Problem Description

Given an array of strings words, determine if it is possible to redistribute the characters of all the strings such that every string becomes exactly the same. You can freely move any character from one string to another, as long as after redistribution, every string is identical in content and length.

• Each string in words can have different lengths and characters initially.
• You may not add or remove any characters; you can only move them between the strings.
• After redistribution, every string must be identical.
• Return True if it’s possible, False otherwise.

Example:
Input: words = ["abc","aabc","bc"]
Output: True

Thought Process

The core challenge is to check if we can rearrange the characters so that every string ends up being exactly the same.
Naive Approach: One could try to generate all possible redistributions, but this quickly becomes infeasible for larger inputs.
Optimization Insight: Instead, notice that every string must have the same set and count of characters after redistribution.

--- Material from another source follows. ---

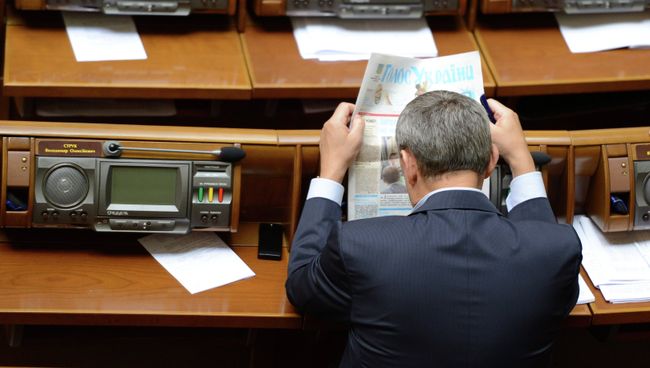 Депутат на заседании Верховной Рады Украины. Архивное фото Депутат на заседании Верховной Рады Украины. Архивное фото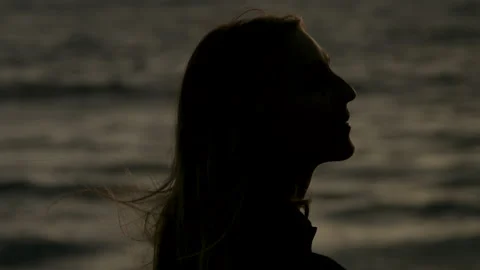 Close up of a Surfer Looking out Towards the Ocean at Sunset Stock Footage 270293581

That means, for every character in the combined pool, its total count must be divisible by the number of strings. If not, we can’t evenly split the characters across all strings.

Solution Approach

• Step 1: Count the total number of occurrences of each character across all strings. We use a hash map (dictionary) for this, as it allows O(1) lookups and updates.
• Step 2: For each character in the combined pool, check if its count is divisible by n (the number of strings). If any character fails this check, it’s impossible to redistribute them evenly.
• Step 3: If all characters pass the divisibility test, return True; otherwise, return False.

This approach is efficient because we only need to scan each character once and perform a simple divisibility check.

Example Walkthrough

Sample Input: words = ["abc","aabc","bc"]

1. Count all characters:
   • "abc" → a:1, b:1, c:1
   • "aabc" → a:2, b:1, c:1
   • "bc" → b:1, c:1

   Total counts: a:3, b:3, c:3

2. Check divisibility: There are 3 strings. For each character:
   • a: 3 % 3 = 0
   • b: 3 % 3 = 0
   • c: 3 % 3 = 0

   All counts divide evenly by 3.

3. Conclusion: It is possible to redistribute the characters so that all strings are "abc".

Code Implementation

from collections import Counter

class Solution:
    def makeEqual(self, words):
        total = Counter()
        for word in words:
            total += Counter(word)
        n = len(words)
        for count in total.values():
            if count % n != 0:
                return False
        return True
      

#include <vector>
#include <string>
#include <unordered_map>
using namespace std;

class Solution {
public:
    bool makeEqual(vector<string>& words) {
        unordered_map<char, int> freq;
        for (auto& word : words) {
            for (char c : word) {
                freq[c]++;
            }
        }
        int n = words.size();
        for (auto& p : freq) {
            if (p.second % n != 0)
                return false;
        }
        return true;
    }
};
      

import java.util.*;

class Solution {
    public boolean makeEqual(String[] words) {
        int[] freq = new int[26];
        for (String word : words) {
            for (char c : word.toCharArray()) {
                freq[c - 'a']++;
            }
        }
        int n = words.length;
        for (int count : freq) {
            if (count % n != 0)
                return false;
        }
        return true;
    }
}
      

var makeEqual = function(words) {
    let freq = {};
    for (let word of words) {
        for (let c of word) {
            freq[c] = (freq[c] || 0) + 1;
        }
    }
    let n = words.length;
    for (let key in freq) {
        if (freq[key] % n !== 0)
            return false;
    }
    return true;
};
      

Time and Space Complexity

• Brute-force Approach:
  • Would involve generating all possible redistributions, which is exponential and infeasible for even moderate input sizes.
• Optimized Approach:
  • Time Complexity: O(T), where T is the total number of characters in all words. We scan each character once to count, and then iterate over at most 26 (for lowercase English) unique characters.
  • Space Complexity: O(1) if limited to lowercase English letters (since the frequency array/map is fixed size), or O(U) for U unique characters in general.

Summary

The key insight is that, for all strings to be made equal via redistribution, every character's total count must be divisible by the number of strings. By counting all characters and checking divisibility, we efficiently determine the answer in linear time. This approach is both simple and elegant, avoiding unnecessary computation and making use of basic properties of numbers and strings.